I was trying to prove that if $d \mid a$ and $d \mid b$ then $d \mid \gcd(a,b)$ but wanted a proof that didn't require me to know that $\gcd(a,b) = ax + by$, i.e. that didn't require me to know that the $\gcd(a,b)$ was a linear combination of $a$ and $b$. With that knowledge the proof is trivial (plus for further understanding I wanted a different perspective on this fact that seems to me that doesn't necessarily require that knowledge).

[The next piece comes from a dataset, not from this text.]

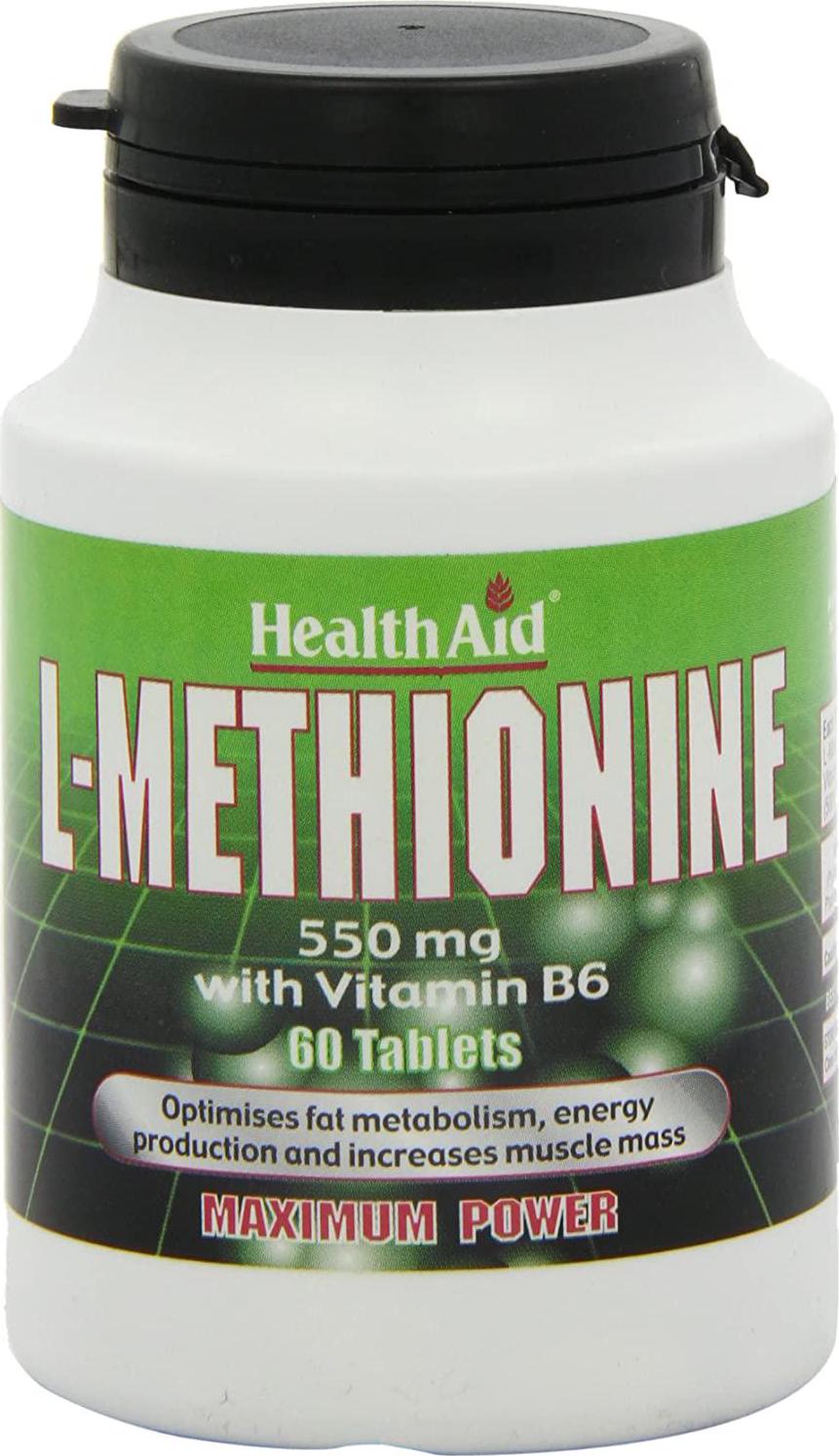 HealthAid L-Methionine 550mg - 60 Tablets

I was trying to think in terms of factorizations to see if I could make it work and these are my current thoughts: if some prime number $p$ divides $a$, and it divides $b$, then it must also divide the GCD. This seems intuitive for primes but if the divisor $d$ is not a prime, I am not sure how to extend the argument. Anyone have any ideas?
Well, if you are willing to use Unique Factorization then, for every prime $p$, $ord_p$ of the gcd is $\min(ord_p(a),ord_p(b))$. But your assumption on $d$ implies that $ord_p(d) \leq \min(ord_p(a),ord_p(b))$.
To elaborate: in the above, $ord_p(n)$ denotes the largest integer $a_p$ such that $p^{a_p}$ divides $n$. Thus, for example, $ord_2{12}=2$, $ord_3{12}=1$. Unique Factorization tells you that $$n=\prod_{p\;prime}p^{ord_p(n)}$$
It follows quickly that $d$ divides $n\;\iff\;ord_p(d)≤ord_p(n)\;\forall\;p$. This quickly implies that $$gcd(a,b)=\prod_{p\;prime}p^{min(ord_p(a),ord_p(b))}$$
I think this should be enough to help you fill in the gaps in my initial argument.
Note: I am not a big fan of this proof, as I think Unique Factorization is a deeper result than the statement about getting the gcd as a linear combination of the terms. Indeed, it is not unusual to use the linear combination principle along the path toward proving Unique Factorization.